New York City In Lockdown
Stewart Stogel
Wednesday, Sept. 11, 2002
(New York) - New York City went into a virtual lockdown Tuesday, the
result of both the one-year anniversary of the Sept. 11 attacks and the
opening of the 2002 U.N. General Assembly on Thursday.
The island of Manhattan became a virtual fortress Tuesday afternoon with
the NYPD and U.S. military moving to seal off key streets in midtown.
As police and military helicopters made continuous sweeps over the
city skyline, sand trucks were moved into location, blocking access to
such well-known city landmarks as the Empire State Building and United
Nations headquarters.
Tours to the Statue of Liberty and nearby Ellis Island were suspended and
National Guardsmen moved into position in New York's Grand Central Terminal
and Penn Station.
At United Nations headquarters and the U.S./U.N. mission across the street
on New York's East River waterfront, the Secret Service and the U.S. military
began preparing for the arrival of President George W. Bush on Thursday.
Bush, along with Pakistani president Pervez Musharraf and Afghan president
Hamid Karzai, is scheduled to address the opening of the United Nations
2002 General Assembly.
The NYPD's harbor patrol and the U.S. Coast Guard began positioning ships not
only along the U.N.'s waterfront but also at several key bridges, such as the
George Washington and Verrazano Narrows bridges. The Narrows bridge,
the longest single-suspension bridge in America, straddles the entrance
to New York harbor and is the starting point for the annual New York
Marathon.
Even New York area post offices were put on alert, a result of the anthrax attacks after 9/11. The United Nations Post Office was ordered shut for at least a week by the U.S. Secret Service.

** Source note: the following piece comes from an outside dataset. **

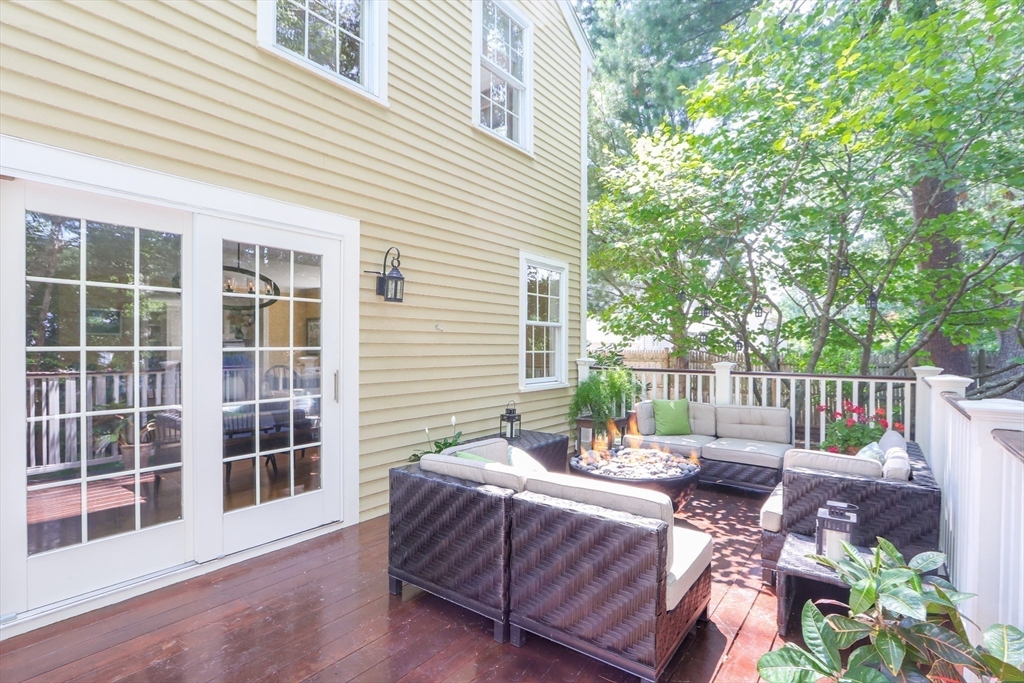 9 Sherwood Road Natick, MA 01760 - Photo 28 of 39 Gallery Image 28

"No mail in, no mail out," a postal clerk sheepishly informed patrons.
The U.N. facility serves more than 10,000 workers at the world organization's headquarters.
"What can we do?" explained one postal official. "We believe we will be down for a week, but it could be more; the Secret Service is not revealing the details."
While many folks both inside the U.N. and outside began complaining about the security actions, when they thought back to Sept. 11, 2001, those complaints quickly vanished. And as New Yorkers are famed for doing, they just accepted the restrictions and tried to move about the Big Apple as best they could.